▸ **Data shown**:
——

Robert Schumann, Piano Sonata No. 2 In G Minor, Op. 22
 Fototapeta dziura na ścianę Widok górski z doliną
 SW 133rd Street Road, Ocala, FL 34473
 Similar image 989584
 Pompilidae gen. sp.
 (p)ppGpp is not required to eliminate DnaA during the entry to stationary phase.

——

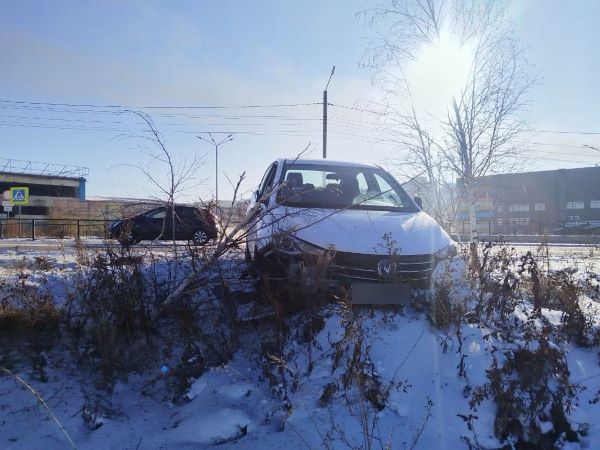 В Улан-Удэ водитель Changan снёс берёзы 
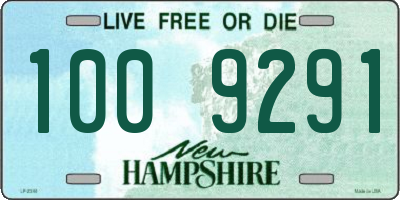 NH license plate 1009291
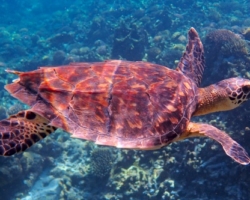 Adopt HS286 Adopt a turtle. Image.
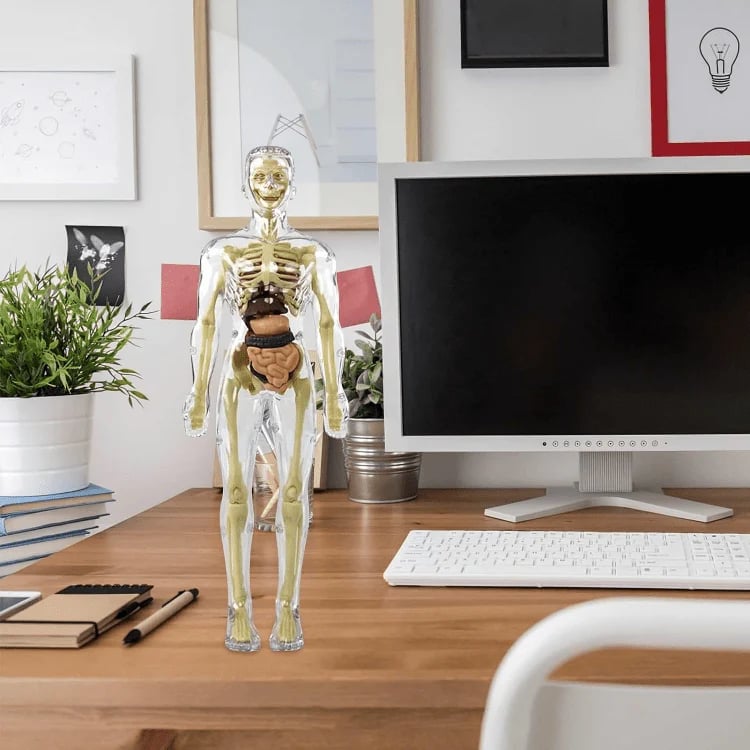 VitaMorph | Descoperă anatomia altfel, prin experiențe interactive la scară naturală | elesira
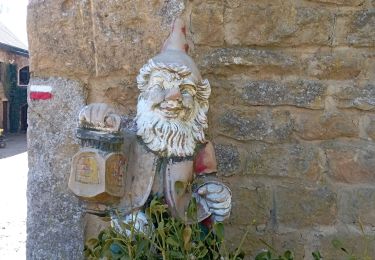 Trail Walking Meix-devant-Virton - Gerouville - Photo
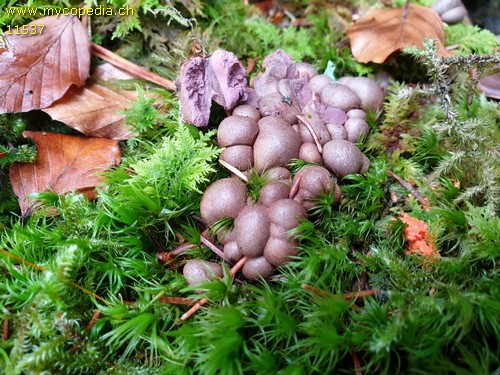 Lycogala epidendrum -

——

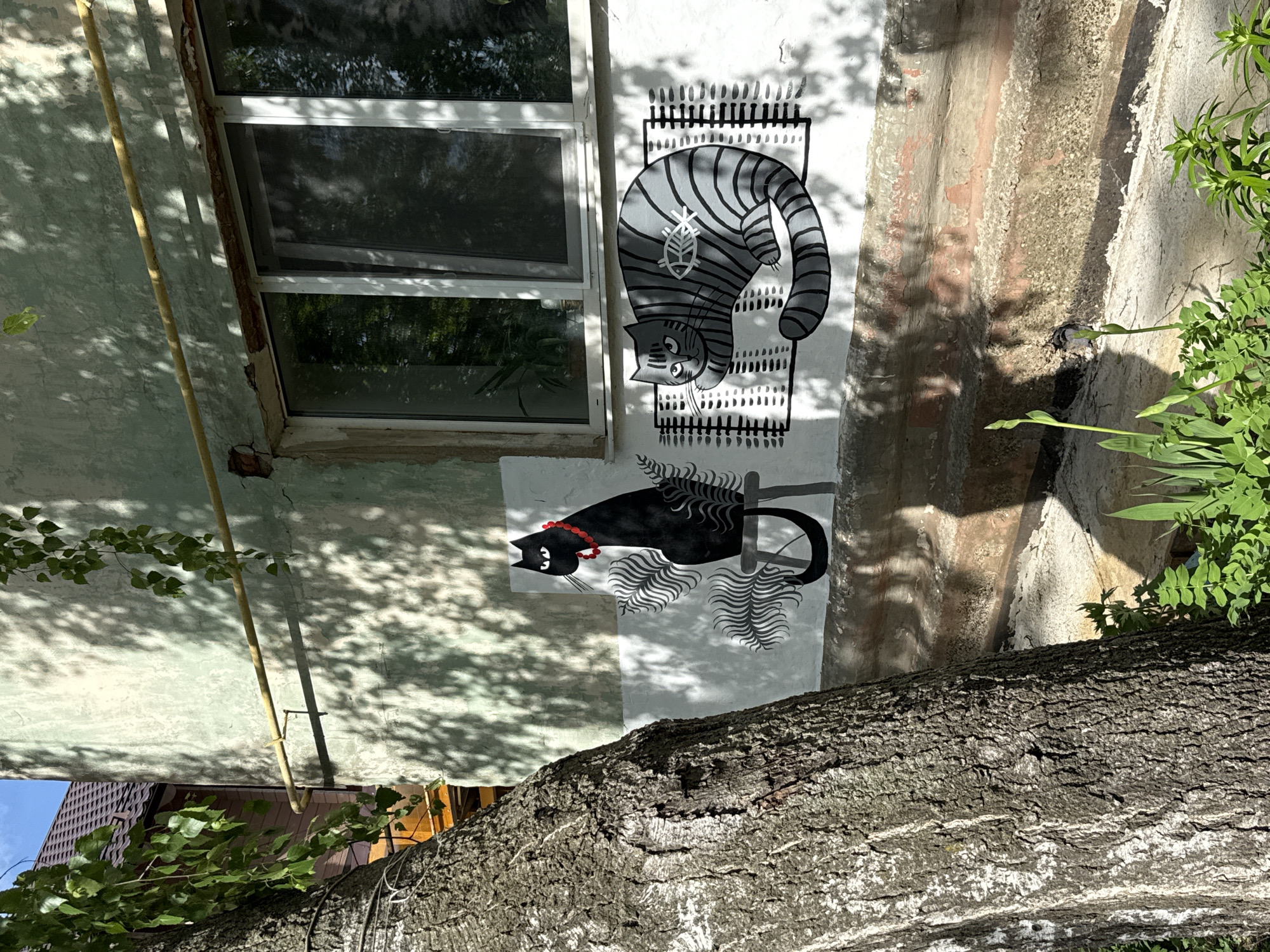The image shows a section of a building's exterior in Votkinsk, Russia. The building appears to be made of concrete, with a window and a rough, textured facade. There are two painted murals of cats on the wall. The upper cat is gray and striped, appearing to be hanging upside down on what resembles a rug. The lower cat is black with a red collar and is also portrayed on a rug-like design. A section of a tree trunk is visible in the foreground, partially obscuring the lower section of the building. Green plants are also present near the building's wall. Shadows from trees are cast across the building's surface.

——

▸ **Assignment**: An exact copy of the lines above, from the one containing "Robert Schumann, Piano" down to the one containing "(p)ppGpp is not" and including both, is the whole answer; retype it and nothing else.

▸ **Response box**:
Robert Schumann, Piano Sonata No. 2 In G Minor, Op. 22
 Fototapeta dziura na ścianę Widok górski z doliną
 SW 133rd Street Road, Ocala, FL 34473
 Similar image 989584
 Pompilidae gen. sp.
 (p)ppGpp is not required to eliminate DnaA during the entry to stationary phase.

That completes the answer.